Isso tem consequências econômicas mais amplas. A falta de insumos para empresas como a Temahome, que vende em 45 países, restringe as exportações e contém o crescimento da região do euro. 

Ao mesmo tempo, a diferença entre encomendas e produção – que chegou a recorde em agosto – aumenta pressões inflacionárias. 

Em julho, preços aos produtores da UE tiveram alta anual de 12%, a maior desde 2001, e os preços ao consumidor subiram 3% em agosto, maior patamar em dez anos. 

Quando os problemas serão solucionados continua uma questão em aberto.
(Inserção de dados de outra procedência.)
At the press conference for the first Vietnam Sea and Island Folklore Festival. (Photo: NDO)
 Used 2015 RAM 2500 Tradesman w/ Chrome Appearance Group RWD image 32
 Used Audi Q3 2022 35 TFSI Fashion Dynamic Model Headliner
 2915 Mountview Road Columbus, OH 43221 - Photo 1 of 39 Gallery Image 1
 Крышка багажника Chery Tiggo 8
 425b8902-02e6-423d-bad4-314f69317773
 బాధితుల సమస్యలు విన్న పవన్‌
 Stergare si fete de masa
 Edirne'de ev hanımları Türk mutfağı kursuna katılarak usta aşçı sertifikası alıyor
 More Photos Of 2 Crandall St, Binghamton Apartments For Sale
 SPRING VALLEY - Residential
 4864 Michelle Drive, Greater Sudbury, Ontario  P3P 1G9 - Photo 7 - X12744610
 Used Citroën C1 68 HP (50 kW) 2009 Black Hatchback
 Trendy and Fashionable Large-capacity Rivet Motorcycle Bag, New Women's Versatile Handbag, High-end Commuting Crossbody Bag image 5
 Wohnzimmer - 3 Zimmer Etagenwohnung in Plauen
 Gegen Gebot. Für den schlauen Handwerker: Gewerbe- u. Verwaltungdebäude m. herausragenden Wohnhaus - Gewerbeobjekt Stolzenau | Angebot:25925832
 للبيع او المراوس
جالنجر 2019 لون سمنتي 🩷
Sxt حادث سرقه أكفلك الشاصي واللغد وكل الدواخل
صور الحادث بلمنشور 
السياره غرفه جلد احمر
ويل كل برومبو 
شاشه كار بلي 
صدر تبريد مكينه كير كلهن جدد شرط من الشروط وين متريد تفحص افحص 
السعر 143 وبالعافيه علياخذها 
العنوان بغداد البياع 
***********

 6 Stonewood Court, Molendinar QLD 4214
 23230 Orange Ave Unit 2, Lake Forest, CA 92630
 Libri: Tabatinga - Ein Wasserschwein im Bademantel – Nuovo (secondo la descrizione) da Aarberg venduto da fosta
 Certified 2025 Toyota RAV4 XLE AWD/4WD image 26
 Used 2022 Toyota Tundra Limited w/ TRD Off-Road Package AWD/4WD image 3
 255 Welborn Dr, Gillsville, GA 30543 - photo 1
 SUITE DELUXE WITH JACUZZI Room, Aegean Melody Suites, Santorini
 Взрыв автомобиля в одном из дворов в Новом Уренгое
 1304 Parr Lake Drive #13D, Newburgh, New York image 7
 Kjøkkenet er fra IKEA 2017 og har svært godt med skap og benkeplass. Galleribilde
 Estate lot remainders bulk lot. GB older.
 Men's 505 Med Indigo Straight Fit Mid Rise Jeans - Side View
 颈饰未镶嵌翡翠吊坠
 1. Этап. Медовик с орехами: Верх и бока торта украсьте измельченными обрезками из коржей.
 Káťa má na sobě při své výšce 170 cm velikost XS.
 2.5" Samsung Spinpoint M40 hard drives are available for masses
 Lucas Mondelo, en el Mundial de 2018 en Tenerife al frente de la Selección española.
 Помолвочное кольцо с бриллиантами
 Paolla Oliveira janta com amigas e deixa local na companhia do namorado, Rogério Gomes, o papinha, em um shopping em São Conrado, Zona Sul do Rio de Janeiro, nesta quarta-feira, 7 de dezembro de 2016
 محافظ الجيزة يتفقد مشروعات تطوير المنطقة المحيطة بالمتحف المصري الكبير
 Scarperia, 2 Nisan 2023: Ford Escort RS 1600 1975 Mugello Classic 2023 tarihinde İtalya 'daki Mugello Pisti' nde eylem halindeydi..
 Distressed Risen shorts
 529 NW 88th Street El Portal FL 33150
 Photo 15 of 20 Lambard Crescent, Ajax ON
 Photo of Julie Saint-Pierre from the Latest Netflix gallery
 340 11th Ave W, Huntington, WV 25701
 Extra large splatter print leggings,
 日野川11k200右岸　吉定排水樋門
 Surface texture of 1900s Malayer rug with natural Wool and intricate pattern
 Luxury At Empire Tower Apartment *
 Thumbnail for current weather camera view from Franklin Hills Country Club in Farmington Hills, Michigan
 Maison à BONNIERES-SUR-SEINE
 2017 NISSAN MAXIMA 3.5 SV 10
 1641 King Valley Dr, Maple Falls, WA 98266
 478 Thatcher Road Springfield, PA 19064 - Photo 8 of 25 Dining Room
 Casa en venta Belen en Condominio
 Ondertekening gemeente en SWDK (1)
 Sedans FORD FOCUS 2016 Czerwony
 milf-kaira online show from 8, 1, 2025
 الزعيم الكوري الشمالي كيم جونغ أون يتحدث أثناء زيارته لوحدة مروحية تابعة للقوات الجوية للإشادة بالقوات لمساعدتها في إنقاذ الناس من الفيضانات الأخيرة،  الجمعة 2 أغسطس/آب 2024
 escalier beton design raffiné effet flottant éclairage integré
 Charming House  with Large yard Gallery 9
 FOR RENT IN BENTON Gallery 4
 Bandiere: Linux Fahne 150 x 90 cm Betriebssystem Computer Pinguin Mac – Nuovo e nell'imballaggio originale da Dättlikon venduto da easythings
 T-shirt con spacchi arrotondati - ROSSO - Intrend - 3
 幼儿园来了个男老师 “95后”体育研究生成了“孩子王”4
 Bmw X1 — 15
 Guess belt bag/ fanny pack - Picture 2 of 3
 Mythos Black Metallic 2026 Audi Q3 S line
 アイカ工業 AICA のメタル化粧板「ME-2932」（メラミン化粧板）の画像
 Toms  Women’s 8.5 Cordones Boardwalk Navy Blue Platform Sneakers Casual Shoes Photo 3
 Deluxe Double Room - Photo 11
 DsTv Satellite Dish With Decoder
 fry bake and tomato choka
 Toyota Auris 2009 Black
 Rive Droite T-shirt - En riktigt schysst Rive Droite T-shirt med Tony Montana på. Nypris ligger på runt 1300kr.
A Volkswagen avalia que o abastecimento de chips de computador “continuará muito volátil” no terceiro trimestre. 

Ana Boata, da seguradora Euler Hermes, não espera normalização até 2023, dados dez anos de baixo investimento do setor de transporte marítimo. O executivo-chefe da APM Terminals, Morten Engelstoft, alertou para o “círculo vicioso” criado pelo aumento da demanda e disse que uma desaceleração no consumo seria necessária para o setor de transporte marítimo dar conta da necessidade de clientes. 

Outros são mais otimistas. Giovanni Arvedi, fundador e presidente da siderúrgica italiana Arvedi Group, disse que o mercado de aço “teve um baque no início do ano […] mas esse não é mais o caso”, já que altos-fornos foram reativados. 

A visão geral otimista é que a falta de insumos e mão de obra se abrandará à medida que a demanda nas economias ocidentais se recuperar, levando a uma recuperação que “simplesmente será mais difusa, e não a uma recuperação como um todo mais fraca”, segundo Bert Colijn, economista do ING. 

Isso foi corroborado na terça-feira, quando dados mostraram que a produção industrial da Alemanha subiu em julho. A visão pessimista sustenta que é cedo para conclusões – como mostrou a pesquisa Zew sobre expectativas. 

“Continuam as incertezas sobre como a estabilidade das cadeias e o enfrentamento à pandemia se darão, em especial na China, Europa e EUA”, disse, Andreas Möller, porta-voz da Trumpf, fabricante alemã de máquinas ferramentas. “Ambos são o calcanhar de Aquiles de nossos negócios pelo mundo”.